**Data for analysis**

-------------------------

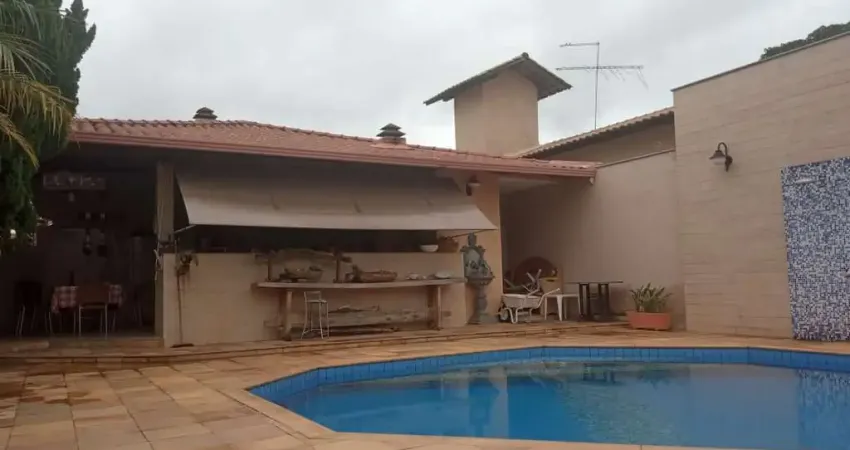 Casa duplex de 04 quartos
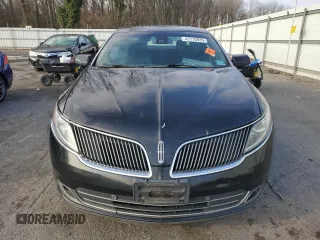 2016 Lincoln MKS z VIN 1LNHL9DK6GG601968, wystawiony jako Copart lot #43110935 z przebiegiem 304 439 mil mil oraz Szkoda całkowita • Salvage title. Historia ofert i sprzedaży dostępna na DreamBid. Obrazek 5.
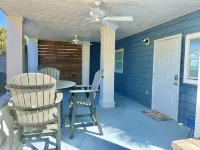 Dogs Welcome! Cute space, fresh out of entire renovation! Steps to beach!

-------------------------

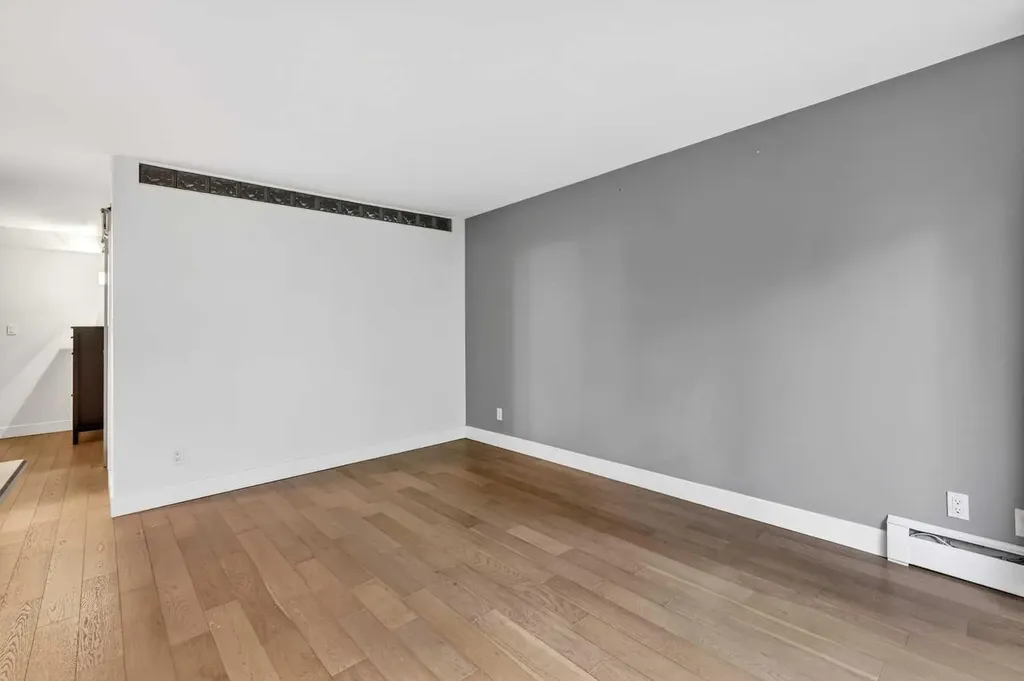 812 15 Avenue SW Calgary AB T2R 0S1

-------------------------

**Directions**
Output exactly the lines above, from the line with "2016 Lincoln MKS" to the line with "Dogs Welcome! Cute", both included; skip the pictures.

**Solution to the exercise**
 2016 Lincoln MKS z VIN 1LNHL9DK6GG601968, wystawiony jako Copart lot #43110935 z przebiegiem 304 439 mil mil oraz Szkoda całkowita • Salvage title. Historia ofert i sprzedaży dostępna na DreamBid. Obrazek 5.
 Dogs Welcome! Cute space, fresh out of entire renovation! Steps to beach!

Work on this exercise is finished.